You should already have all-hours swipe card access to LIB113, which will permit you to work whenever the library is open. Please be conscientious about keeping LIB113 clean and secure at all times: close the door behind you when you leave; keep food and drinks away from the computers; don’t leave equipment sitting around; contact me immediately if anything seems out of place, missing, or broken. Don’t move the iLoks!
LIB113 consists of 3 interlinked spaces; please be conscientious about maintaining the simultaneous usability of all of them as much as possible. While working in the big room/lab area, use headphones at all times and keep noise and conversation to a minimum. The seminar area is for classes and meetings. Please don’t use the seminar area, or leave your things there, if the third, smallest space, our miniature recording booth, is in use. Please be mindful of other users and use the sign-up system for the recording booth (which entails emailing MDOCS program coordinator Jesse O’Connell at least 24 hours in advance) if you know you definitely need to be in the space for a certain time. Beyond these guidelines, let’s use common sense, open lines of communication and personal responsibility as our tools to make sure that DOClab remains a welcoming, productive, creative space.

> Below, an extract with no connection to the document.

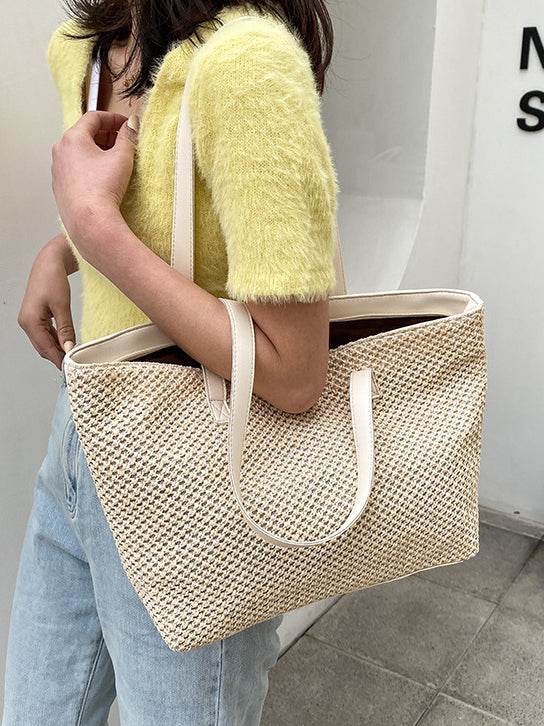Solid Color Woven Tote Bag - Delanoir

MDOCS: Evidence-Based Creative Practice
The John D. Moore Documentary Studies Collaborative (MDOCS) is an interdisciplinary program that offers workshops, course support, and a summer Documentary Storytellers Institute, in addition to production-focused liberal arts courses (but no major or minor). I’ve been part of the program since the beginning, so feel free to ask me anything about it, including how you might find out more about summer opportunities (e.g. at the DSI info session 10/3). As a media-agnostic documentary program in which multiple media are supported, and which exists in a liberal arts context, our program is unique.
The documentary arts are, in my view, construed very broadly. I’m interested in and open to any creative work that is driven by the collection and presentation of carefully and sincerely gathered evidence. Any time you gather an actuality (“tape,” “footage,” etc…), you are documenting. Anything that puts these actualities together is one standard (and simple) definition of documentary.

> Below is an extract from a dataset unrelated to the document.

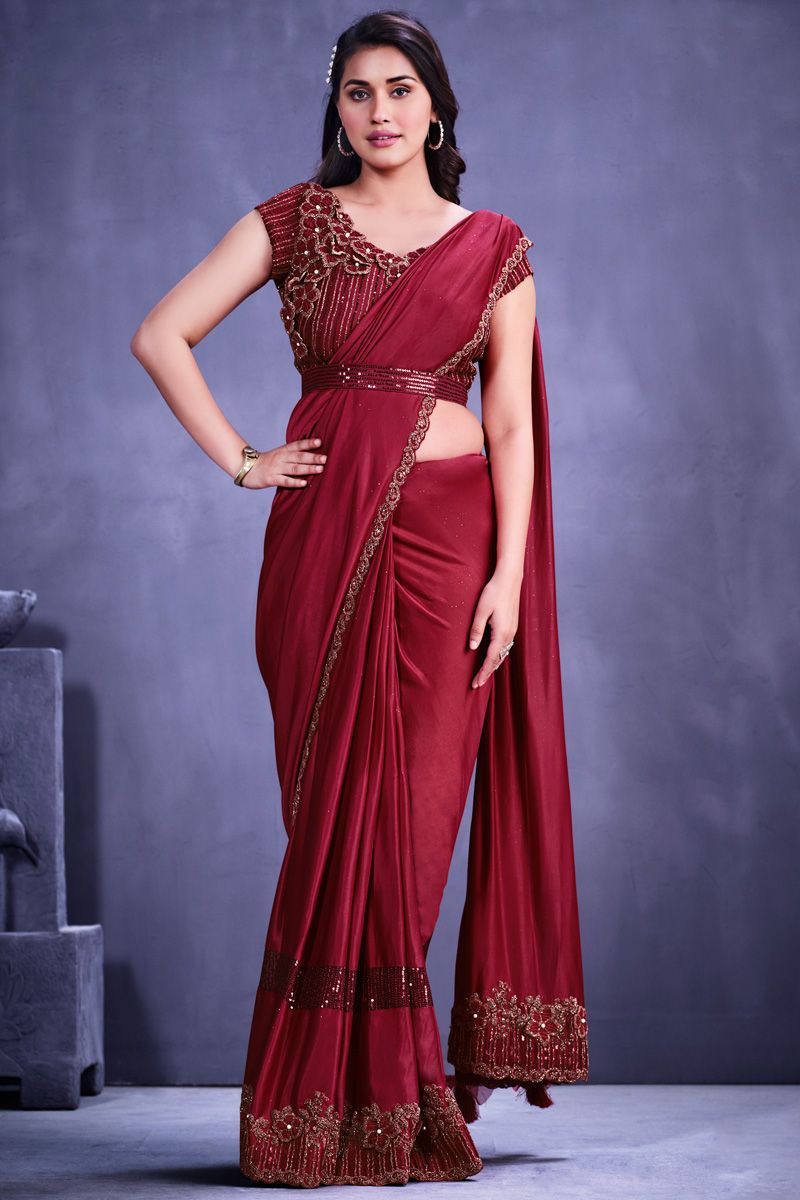 Lycra Red Color Saree With Excellent Border Work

While my background is as a musician and sound artist, most of the readings and listenings comes from the NPR world, and the vast podcast ecosystem that it has spawned. This course splits the difference between that tradition of narrative audio and my own personal canon of experimental sonic art. This is not a journalism course. Skidmore students rarely have the flexibility in their schedules that learning to be a journalist/reporter requires—you can’t drop everything and drive around during work hours. This course requires a small amount of work off campus, for which you would be wise to plan WAY ahead. Doing some fieldwork “beyond the bubble” is important because it forces us to be accountable to the ethical imperatives of documentary: listening to and seeking understanding of those who may be unlike us.
In the interdisciplinary, collaborative spirit of MDOCS, I hope you will consider working from your pre-existing skills and interests to forge your own approach to sonic storytelling and artmaking--that’s certainly been my pathway that has gotten me here. Some relevant skills/practices that you might draw on here might include: facility with the written word (writing poetry, prose, plays, essays, blogs), facility with the spoken word (theatre, debate team, MCing, slam poetry, standup/sketch/improv comedy…), facility with music (instrumentalists, singers, occasional guitar-pluckers, music producers, iTunes obsessives, radio DJs, self-appointed party DJs), not to mention skills cultivated in other academic fields such as ethnography, media critique/analysis, bilingualism/translation… Sound is a keystone of human life, and encompasses an infinity of audible cultural practices, ones you already engage in. My challenge to you in this class is: find your own radiophonic “voice,” building on the sonic “you” that already exists.
You need to purchase a new, (blank) high-capacity, high-speed USB stick. That means USB 3.0 transfer speeds and at least 16 GB of storage space. You will always work from this drive, never from the internal drive of DOClab computers (which are wiped clean of your work at every logout).
Label this drive clearly with your name, both as a drive name within the OSX file system, and also ON the physical object, e.g. with a sticker or sharpie. Put this USB stick on a recognizable keychain--something bulky or noisy is best.
You should also plan to back up your files for this course regularly, whether on your home machine, another external hard drive, on the cloud, or on a 2nd USB stick. “I lost my files” is not an excuse for late or missing work. As in the real world, you are personally responsible for the storage, backup, and maintenance of your own media. It behooves you to be a conscientious and potentially even obsessive librarian (see Media Management).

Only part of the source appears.